I am currently user itertools' product() inside of a list comprehension, i.e. brute-forced, every permutation checked before returning a value. Here is the relevant part in Python 3:
from itertools import product
def cartesian_match(string, iterables):
"""Gets the phonetic spelling breakdown of a word via cartesian product.
Args:
string (str): String for which a matched spelling is wanted.
iterables (list): A list of lists of unknown number and length.
Each sublist contains only str elements.
Each sublist contains all possible spellings of a
phoneme.
Returns:
list: the first matched list of spelling units.
Example (simplified):
Args:
string = "python"
iterables = [
'p', 'pp'],['i', 'ie', 'y', 'igh'],['th'],['or', 'ou', 'e', 'o'],[
'nd', 'nn', 'n', 'ne']
Returns:
['p', 'y', 'th', 'o', 'n']
"""
return [x for x in product(*iterables) if "".join(x) == string][0]
For complex words, the cartesian product is large, tens of millions of permutations. Some words take upwards of 15 minutes to compute. I have thousands of words to analyze so speed is currently an issue.
To speed things up, I need a function which returns the value as soon as it is discovered, rather than forming a cartesian product and having to run through each and every permutation.

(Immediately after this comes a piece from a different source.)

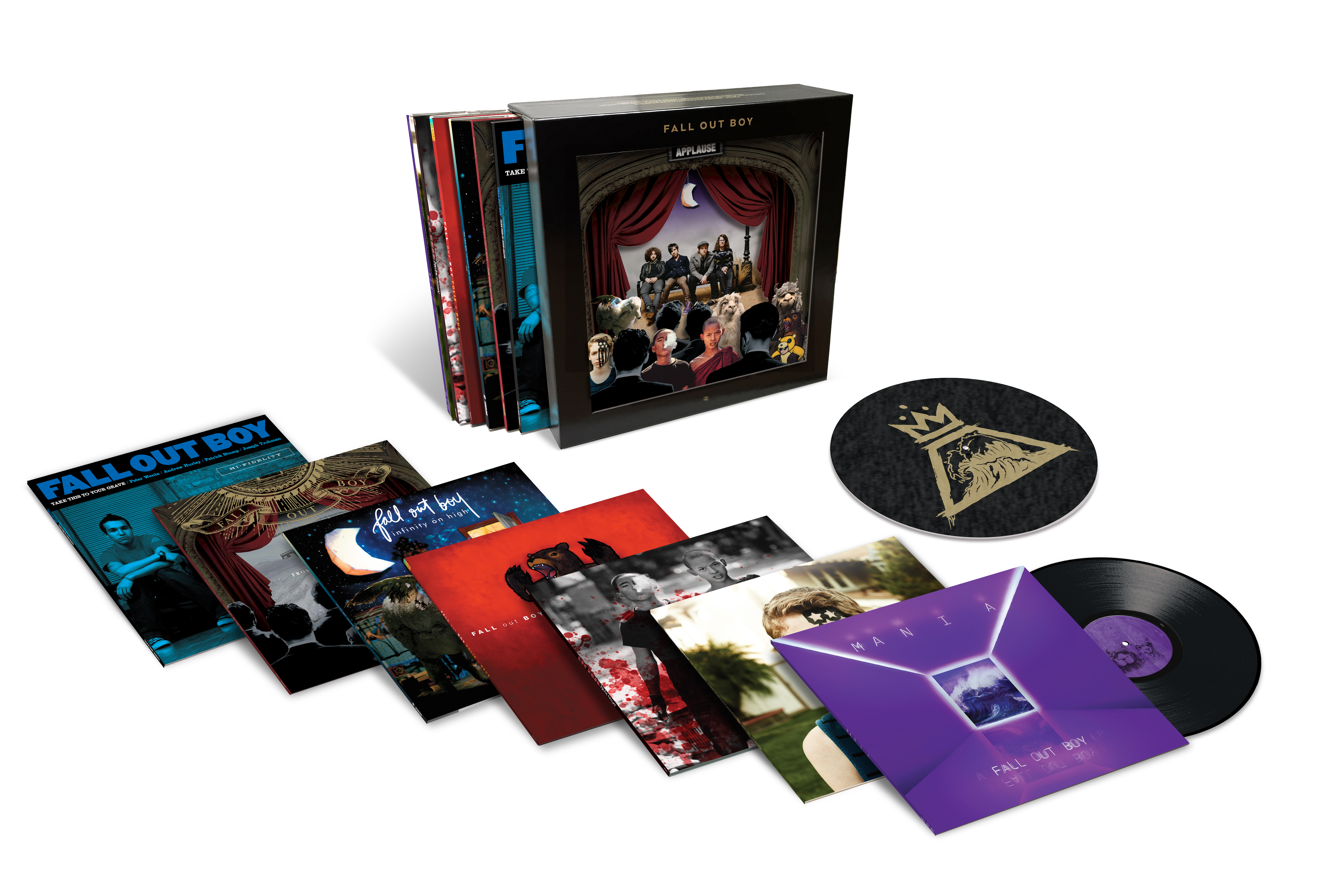 Fall Out Boy - The Complete Studio Albums (Vinyl Box Limited Edition)  - (Vinyl)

It would also allow me to optimize the sequence of elements inside each sub-list in order to get the matched value sooner.
My challenge is that I cannot figure out how to do this iteratively with an unknown number of lists of unknown length, and I've failed at any attempt to break out of a recursive function early.
Can anybody point me in the right direction?
for x in in product(*iterables):
if "".join(x) == string:
return x
BTW: your function is not recursive - the title of this question is misleading.